Field                                         Data type Description Restrictions
biosample_source_id text Unique identifier for an individual to permit multiple samples from the same individual to be linked. • Max length: 50
specimen_type_details choice Named control or standard for specimens. • Required when input_type is: specimen
• Choices: asymptomatic, respiratory_infection
control_type_details choice Named control or standard for positive and negative controls. • Required when input_type is: positive_control
• Required when input_type is: negative_control
• Choices: NIBSC_11/242, NIBSC_20/170, water_extraction_control, zepto_rp2.1, zymo-mc_D6300
is_approximate_date bool The date is approximate e.g. the sample is from a public repository and it is unclear whether the date corresponds to collection or publishing. • Default: False
batch_id text Used to identify samples prepared in the same laboratory batch (e.g. extraction, library and/or sequencing). • Max length: 100
study_id text Used to identify study or if NHS residual sample. • Max length: 100
study_centre_id text Used to identify sequencing centre. • Max length: 100
sequence_purpose choice Used to differentiate between clinical or research studies. • Choices: clinical, research
governance_status choice Did the patient consent to their sample being used for research purposes or not. • Default: no_consent_for_research
• Choices: consented_for_research, no_consent_for_research, open
iso_country choice Country that the sample was collected in, using ISO-3166-1 alpha-2 codes (https://en.wikipedia.org/wiki/ISO_3166-1_alpha-2), unless within United Kingdom. If so, use ISO-3166-2:GB (https://en.wikipedia.org/wiki/ISO_3166-2:GB). • Choices: AD, AE, AF, AG, AI, AL, AM, AO, AQ, AR, AS, AT, AU, AW, AX, AZ, BA, BB, BD, BE, ...
iso_region choice Region that the sample was collected in, using the second level subdivision codes of ISO-3166-2:GB (https://www.iso.org/obp/ui/#iso:code:3166:GB). • Requires: iso_country
• Choices: GB-ABC, GB-ABD, GB-ABE, GB-AGB, GB-AGY, GB-AND, GB-ANN, GB-ANS, GB-BAS, GB-BBD, GB-BCP, GB-BDF, GB-BDG, GB-BEN, GB-BEX, GB-BFS, GB-BGE, GB-BGW, GB-BIR, GB-BKM, ...

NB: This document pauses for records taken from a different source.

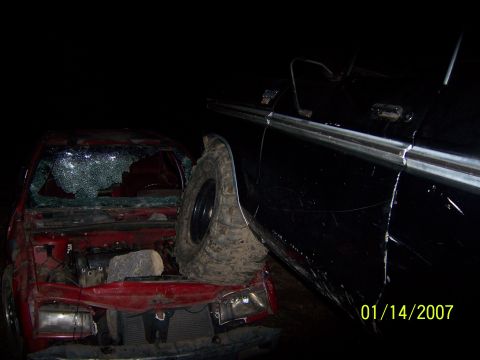 1989 Ford Bronco - A red car with a shattered windshield is parked next to a black vehicle. The front of the red car is heavily damaged, with the hood open an…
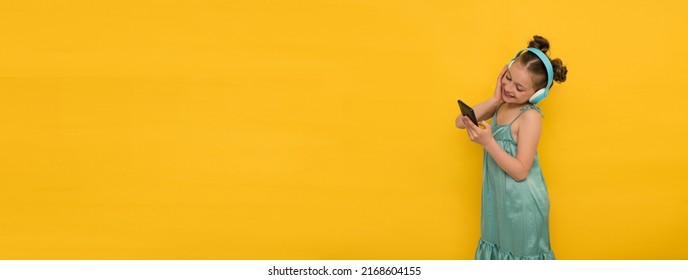 Happy Girl In Headphones Holds A Mobile Phone And Listens To Music, Not Looking At The Camera, Banner, Yellow Background. High Quality Photo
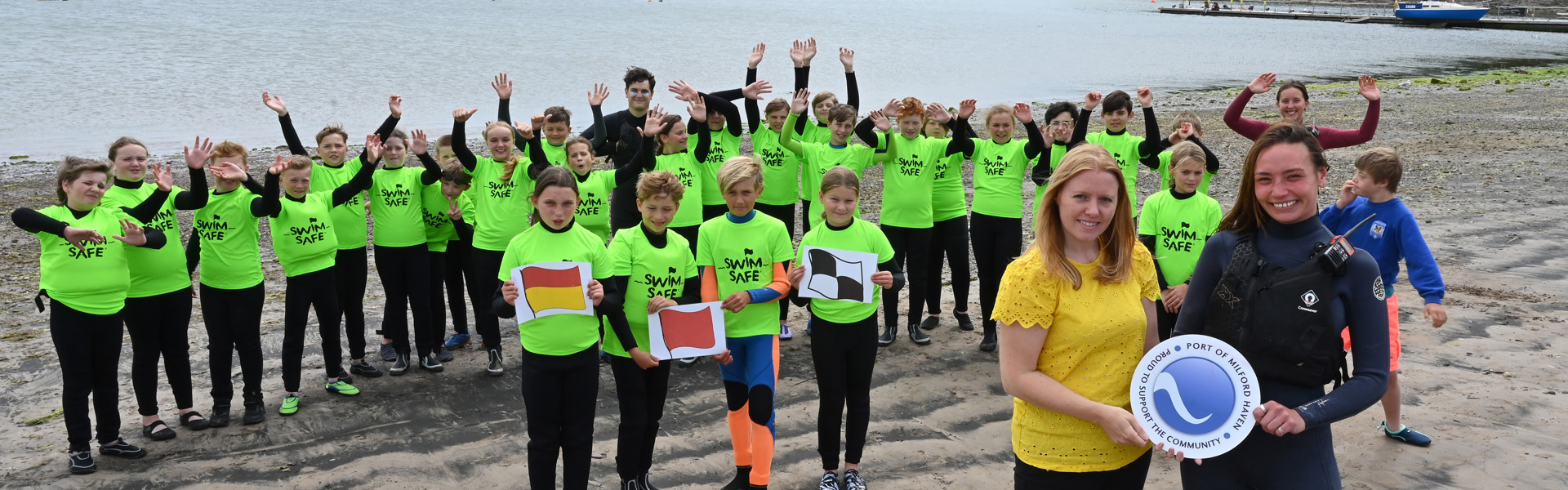 Sara Richards From The Port Of Milford Haven And Miyah Periam, Senior Instructor At Windswept, With Year 6 Pupils From Cleddau Reach School At Dale Beach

extraction_enrichment_protocol text Details of nucleic acid extraction and optional enrichment steps.
library_protocol text Details of sequencing library construction.

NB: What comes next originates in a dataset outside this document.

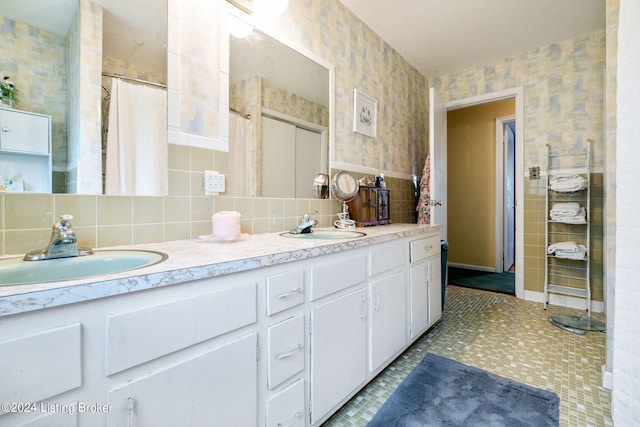 bathroom with vanity, curtained shower, tile patterned floors, and decorative backsplash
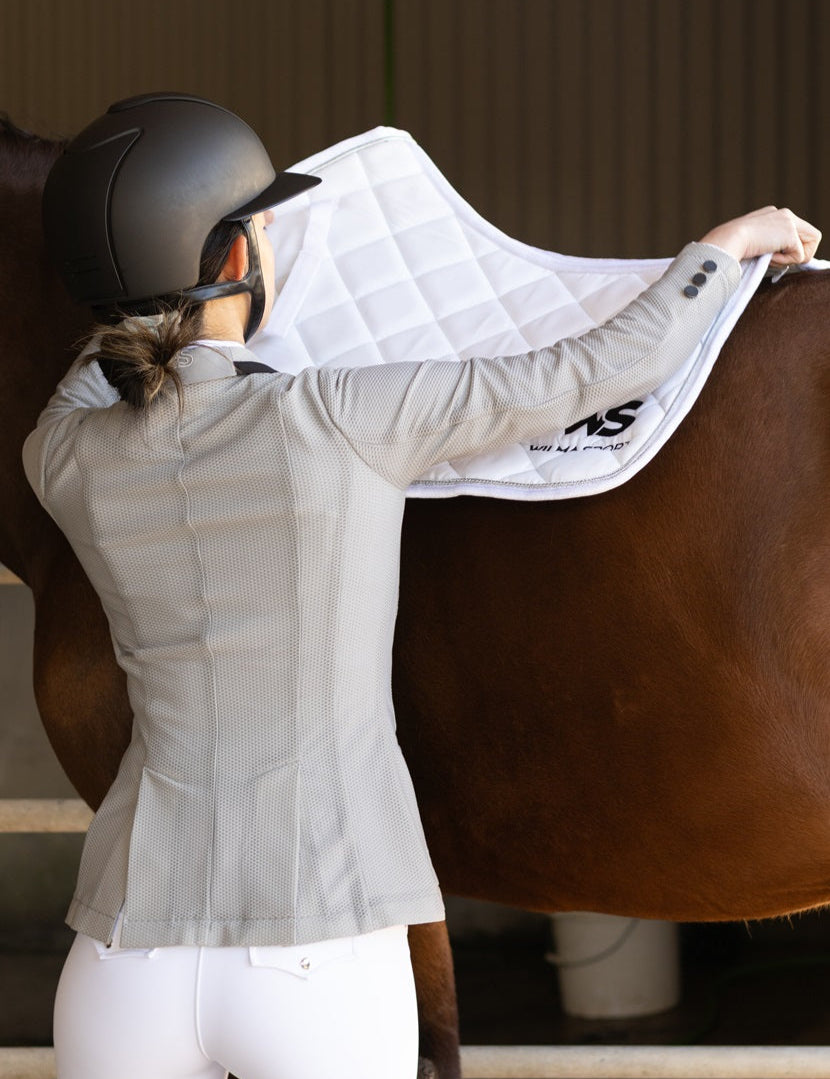 Back view of Wilma Sport Aero Competition Jacket in Platinum, showing breathable mesh panels, beside horse.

sequencing_protocol text Details of sequencing.
bioinformatics_protocol text Detail of initial bioinformatics protocol, for example versions of basecalling software and models used, any read quality filtering/trimming employed.

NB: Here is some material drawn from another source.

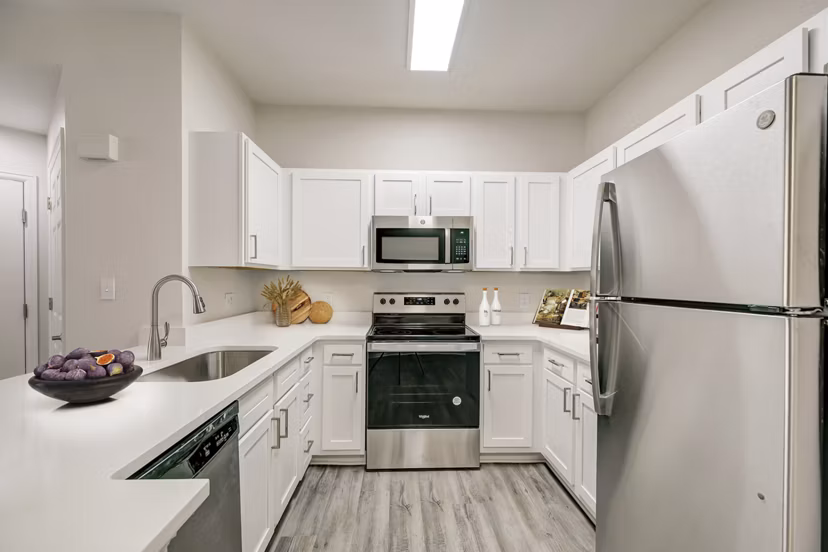 Modern kitchen with stainless steel appliances at Links at Legacy Ridge Apartments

dehumanisation_protocol text Details of bioinformatics method used for human read removal.
is_public_dataset bool The sample is from a public dataset. Please only set this after it has been made public. • Default: False
public_database_name choice The public repository where the data is. • Choices: ENA, SRA
public_database_accession text The accession for the data in the public database.